Il racconto continua e lo fa anche con più forza e con accuse dirette (non su Gasperini: “contro di lui non ho assolutamente nulla”), che meriterebbero sedi più opportune per essere discusse. “Come essere umano venire trattato così è la cosa peggiore che ho sofferto in tutta la carriera, peggio dell’infortunio. Quasi cadevo in depressione”, conclude.

Mentre meditava su un possibile ritiro, però, Piccini aveva già immaginato la sua vita oltre il calcio, il suo piano B. “A tre settimane dall’operazione, alle quattro di notte, preso dall’effetto della morfina ero lì che volavo sul letto e mi si è accesa la lampadina: avrei creato un centro commerciale, ma tutto nella realtà virtuale”. Così ha svegliato di soprassalto la moglie, le ha raccontato l’idea che avrebbe affinato con degli esperti e creato Rine, la sua azienda che oggi “sta avendo i primi successi”, fra visori e NFT. Insomma, Zuckerberg, complimenti per il metaverso, ma l’idea era di Piccini. “Ora va di moda, ma io c’ero da prima”, sottolinea serio.

Per tornare a “sentirsi un calciatore”, però, non c’è stato bisogno di migrare ad una realtà parallela. Se nelle precedenti due stagioni aveva giocato solo 123’, in questa è già a quota 316’ in sette incontri. Nel mezzo, anche un gol, quello contro l’Elche, che ha segnato la sua “liberazione” dalle catene dell’infortunio. I giorni successivi, un po’ meno. Lui ci scherza su: “Ovviamente sono stati pieni di chiamate o rotture di scatole. Quando le cose vanno male non ti caca nessuno, ma appena sei sulla cresta dell’onda tutti amici e parenti”. Scherza, sì, ma manco troppo. È orgoglioso Piccini, se non si fosse capito.

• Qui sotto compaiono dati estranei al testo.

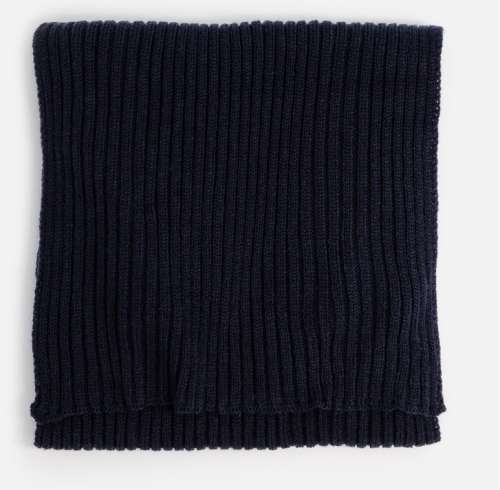 Navy Ribbed Scarf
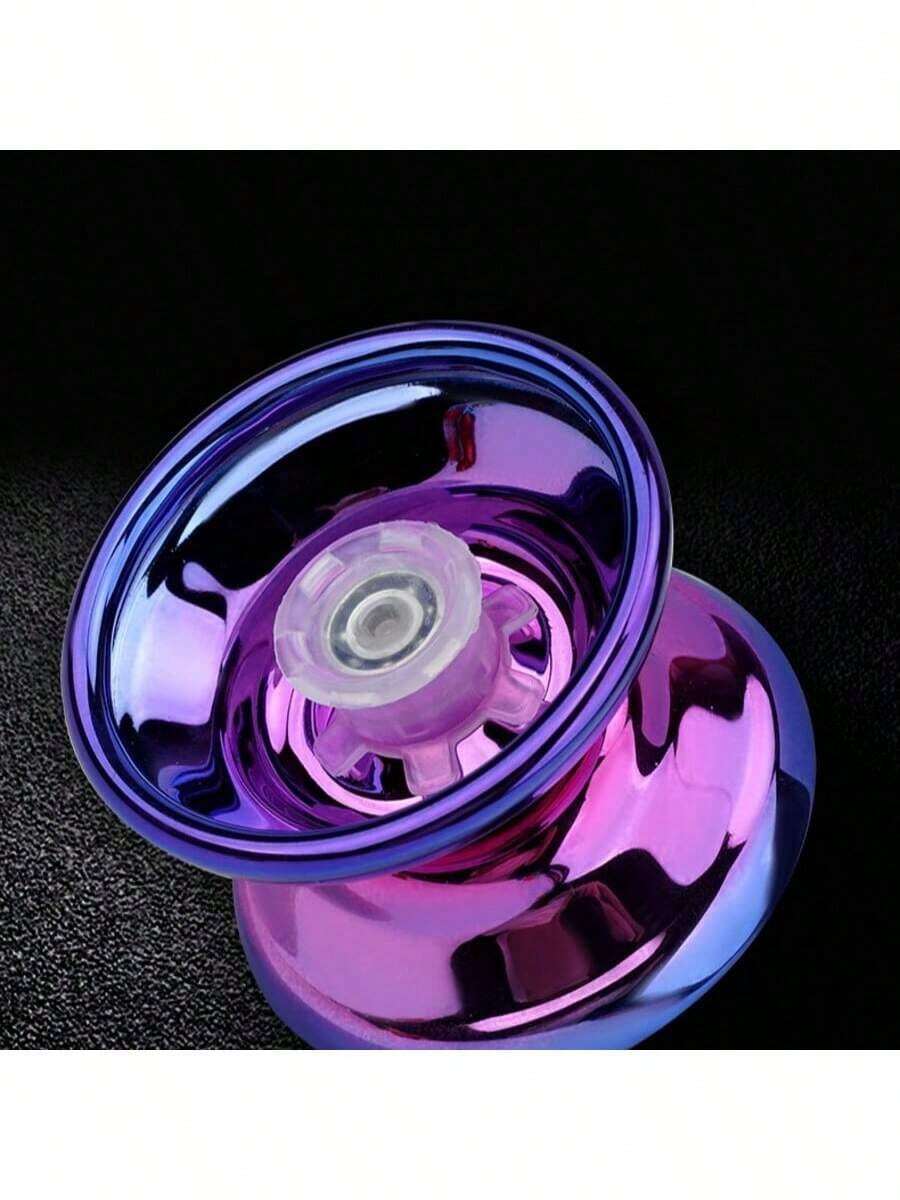 1pc Metal Yoyo, Responsive Yoyo For Tricks, Made Of Aluminum Alloy With Precision Bearings, Suitable For Beginners To Advanced Players, High-Speed Spinning Yoyo, Multi-Color Electroplated Competition-Grade Yoyo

Fra le chiamate, anche quelle di qualche squadra interessata, che non nomina. Il suo contratto scade a fine stagione e, gli facciamo notare, può firmare con chi vuole. “Posso firmare con chi mi vuole”, corregge. Effettivamente, lui rinnoverebbe volentieri con il Valencia: “Sarebbe il mio obiettivo, ma in società non hanno queste intenzioni. Dovrò guardarmi intorno, a malincuore, perché Valencia e casa mia e qui tornerò dopo il calcio”.